Осенью 1975 года Шурочка пошла в первый класс. Теперь каждое утро они вместе перебегали по светофору Кировский проспект и по улице профессора Попова торопились в сторону школы. Жить на жалование библиотекаря было сложно, даже несмотря на то что ей добавили 5 рублей к зарплате после окончания техникума, и она крутилась, как могла: старалась везде, где только можно подработать. В общем, вертелась, как белка.

-... перед нами мост Сыпрус, впереди Эстонская Советская Социалистическая Республика. Река Нарва - самая полноводная река Эстонии...

Вика, с розовыми от возбуждения щеками, перешёптывалась со своим викингом. По его блестящим глазам, улыбке до ушей было понятно, что девушка ему нравилась.
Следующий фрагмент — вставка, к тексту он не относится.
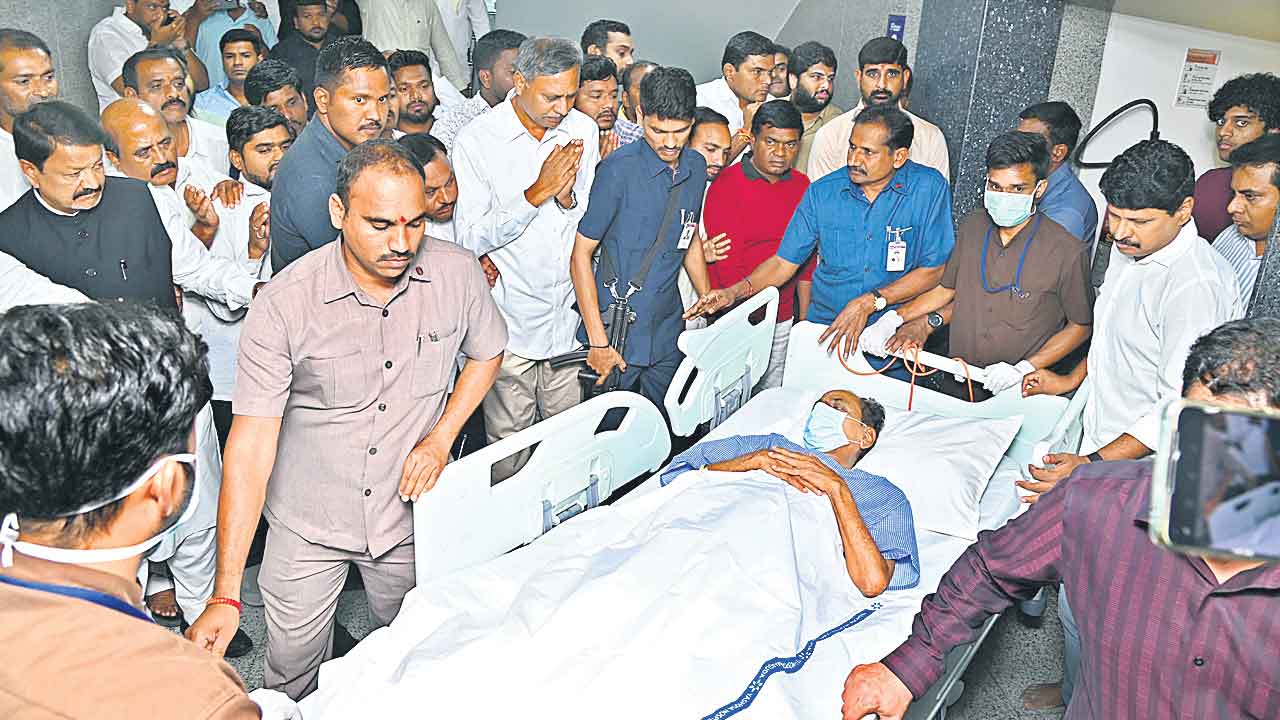 కేసీఆర్‌ను పరామర్శించిన నేతలు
Кира решила им помочь:

-Вацлав, давайте поменяемся местами. Вам будет удобнее разговаривать с Викой.

Молодой человек радостно перебрался к сияющей Вике. И они, склонившись голова к голове и не обращая внимания на назойливо-громкий голос Дины Моисеевны, опять зашушукались. В Нарве сделали маленькую остановку, Дина Моисеевна назвала это "технической остановкой для туалета и перекура". Им выпал хмурый для поездки день, дул холодный ветер, и Кира с ужасом смотрела на несгибаемую Дину Моисеевну, стоящую на ветру с голыми руками и ногами. Неужели эта женщина с лицом старой седой лошади не взяла с собой куртку? И ей не холодно?! Поразительно.
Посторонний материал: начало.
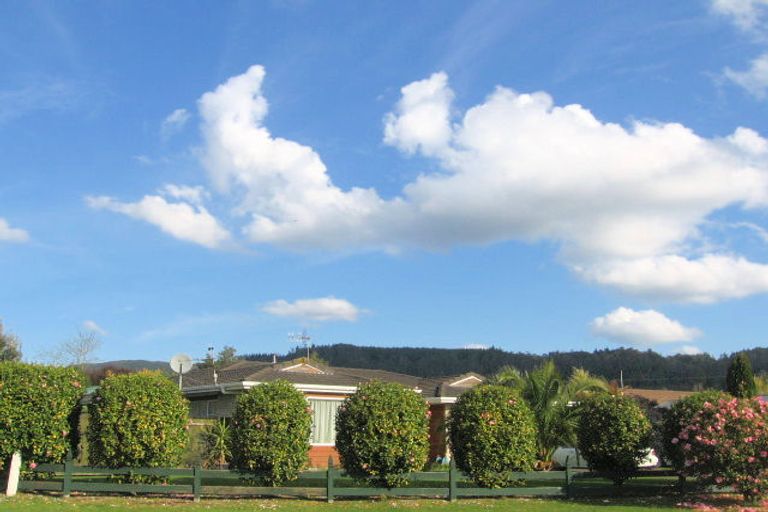 Photo of property in 5 Orchard Place, Lynmore, Rotorua, 3010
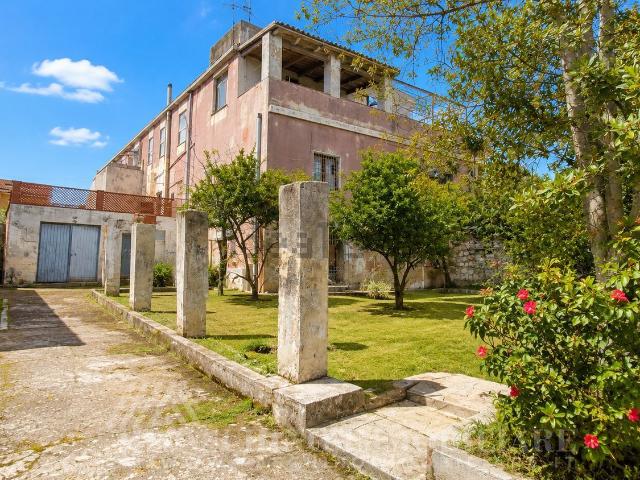 Villetta indipendente in vendita di 340 m² in Via Palmiro Togliatti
Их опять загрузили в автобус, и они покатили по Эстонии. Теперь замечательная Дина Моисеевна вещала о древнем таракане - трилобите, добыче сланца и сланцевой смоле. На сто двадцатом километре вся группа должна была увидеть вдали город Раквере и развалины древнего замка. Неподалёку от Раквере родился Крейцвальд, и далее Дина Моисеевна стала рассказывать об эстонском эпосе "Калевипоэге".

Кира вспомнила, с каким удовольствием рассматривал Иван Фёдорович Пален переплетённый в кожу редкий экземпляр "Калевипоэга", подаренный ему женой на Рождество. Какое выражение лица было тогда у Эльзы Станиславовны! Как она волновалась - вдруг мужу не понравится её подарок? А Штефан? Чем он был занят? А Штефан не отрывал глаз от Киры. И она сердилась на него за это, потому что его взгляд беспокоил, будоражил, завораживал. Его янтарные глаза звали и притягивали к себе. А она ничего не понимала, потому что была тогда больна. Бедный Штефан! Что должен был он вынести, глядя, как ничего не подозревающие Кира и Андрей, обнимаются и любезничают друг с другом?! Теперь-то она понимает, как это мучительно. Уж ей-то пришлось насмотреться на подобное в 1931 году.